> _The problem_:
Skip every picture and copy only the lines from the one containing "Sexy Gay Men" to the final line of the records below.

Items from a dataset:
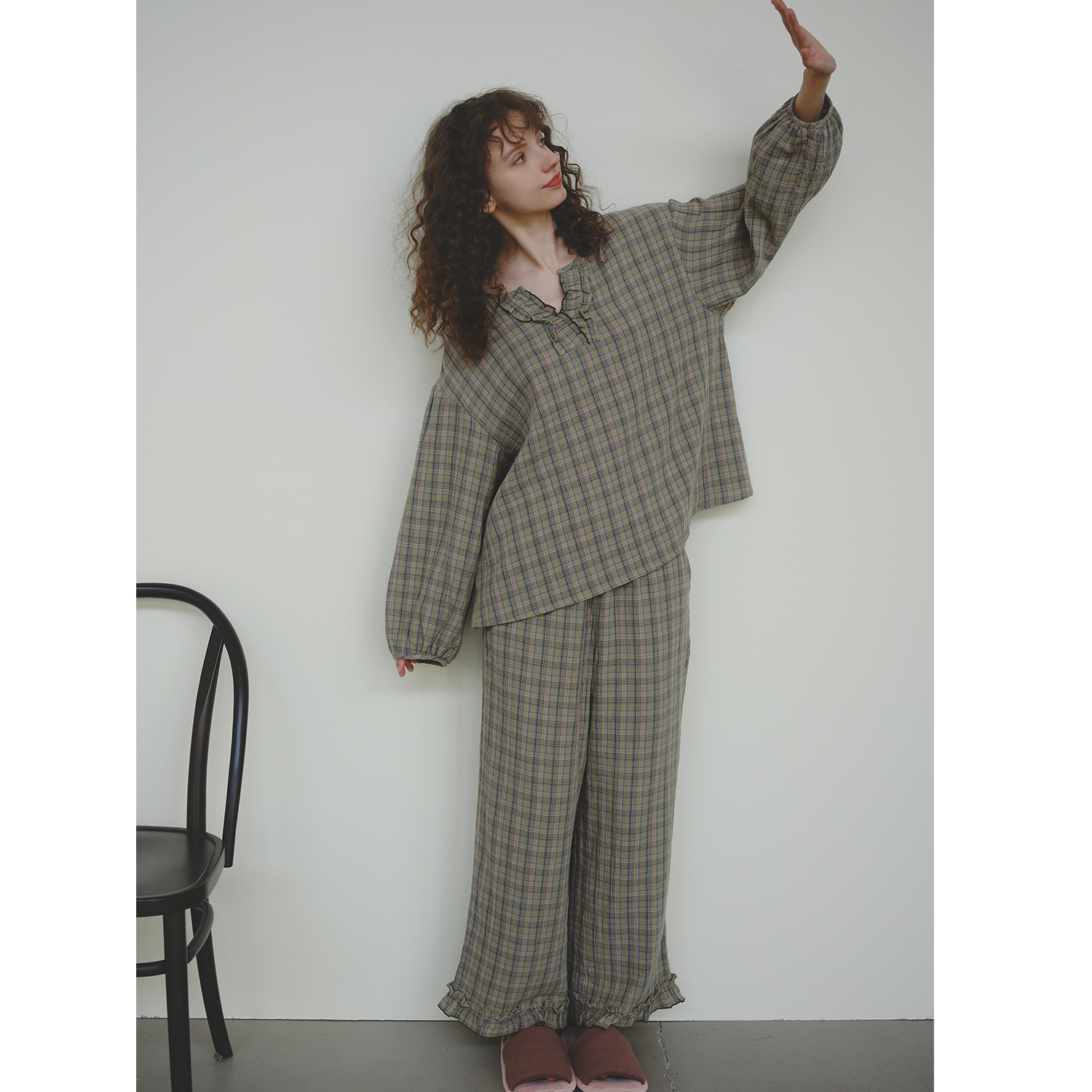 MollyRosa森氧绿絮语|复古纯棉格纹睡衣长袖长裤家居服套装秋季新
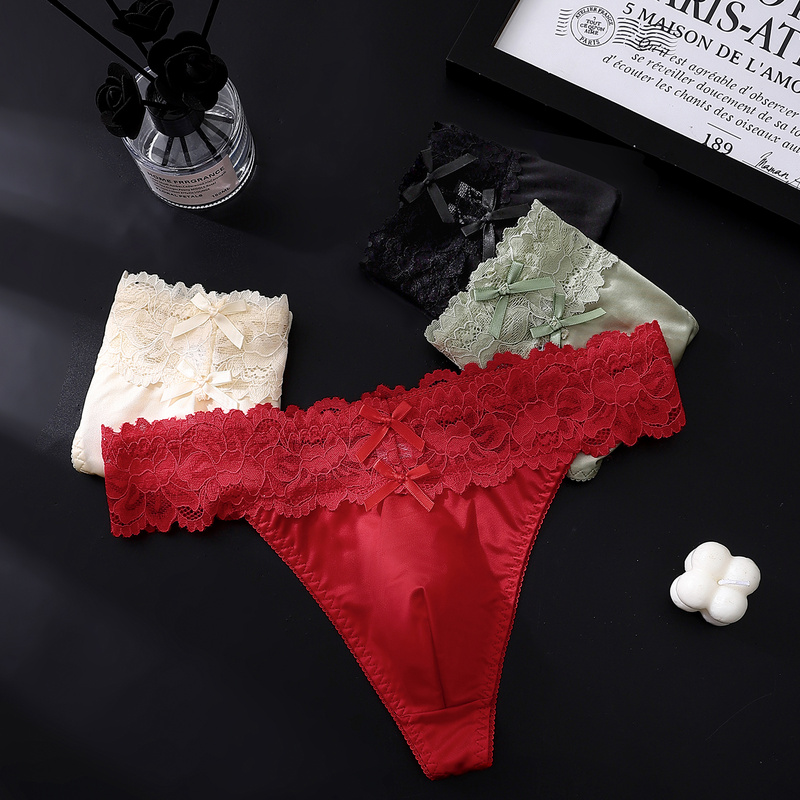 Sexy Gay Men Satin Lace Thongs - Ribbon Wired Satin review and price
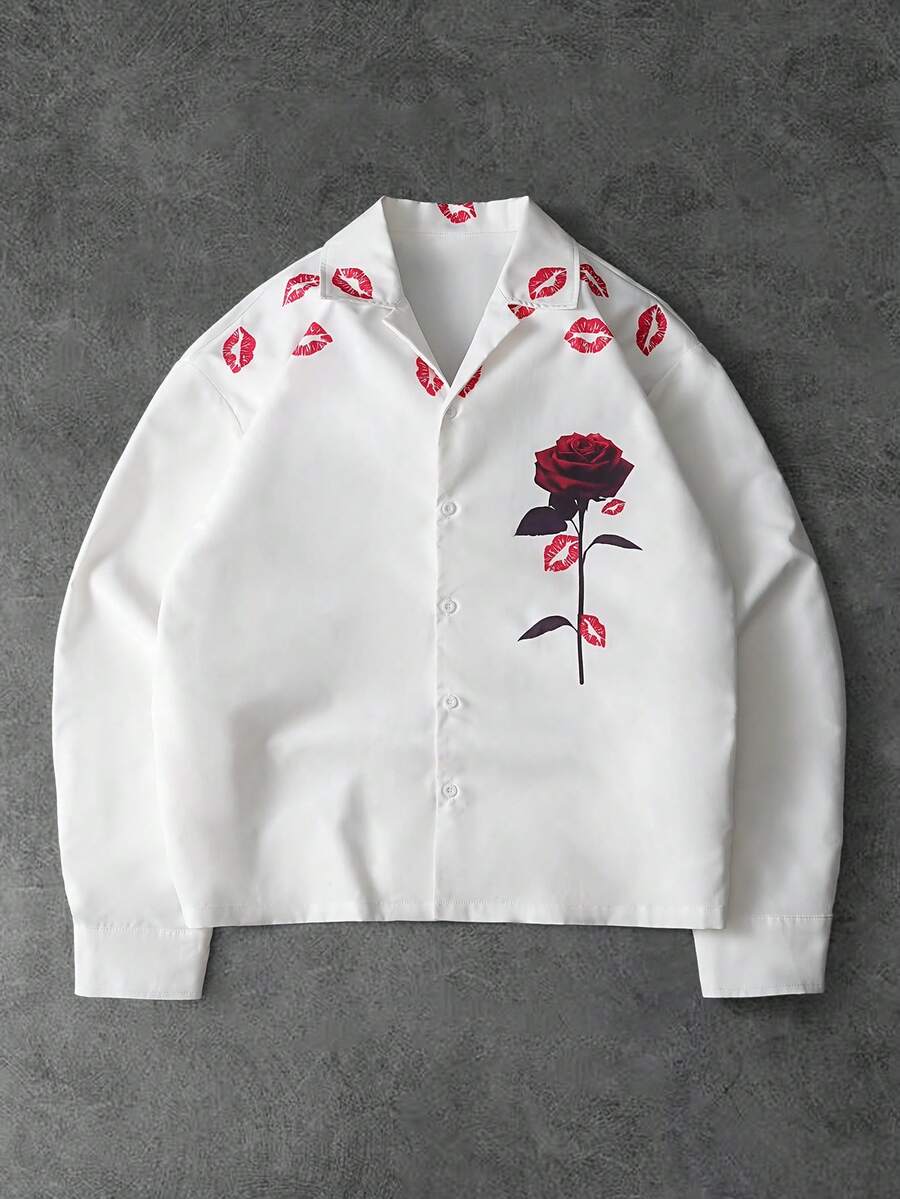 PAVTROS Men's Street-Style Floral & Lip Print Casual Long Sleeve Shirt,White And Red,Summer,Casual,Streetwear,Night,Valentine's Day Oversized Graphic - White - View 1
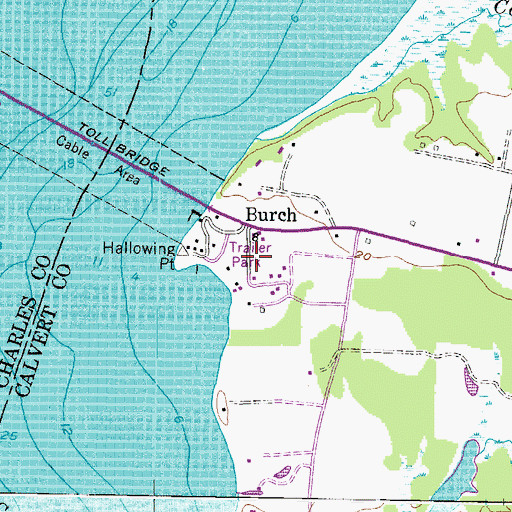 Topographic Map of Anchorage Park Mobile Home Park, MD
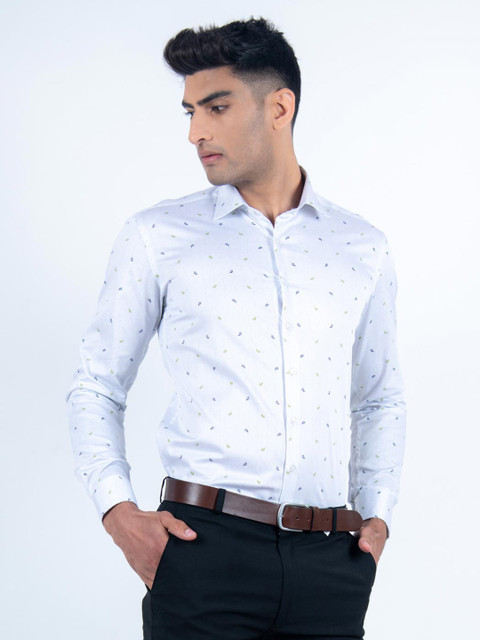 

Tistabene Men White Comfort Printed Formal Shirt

> _Answer to this task_:
 Sexy Gay Men Satin Lace Thongs - Ribbon Wired Satin review and price
 PAVTROS Men's Street-Style Floral & Lip Print Casual Long Sleeve Shirt,White And Red,Summer,Casual,Streetwear,Night,Valentine's Day Oversized Graphic - White - View 1
 Topographic Map of Anchorage Park Mobile Home Park, MD

Tistabene Men White Comfort Printed Formal Shirt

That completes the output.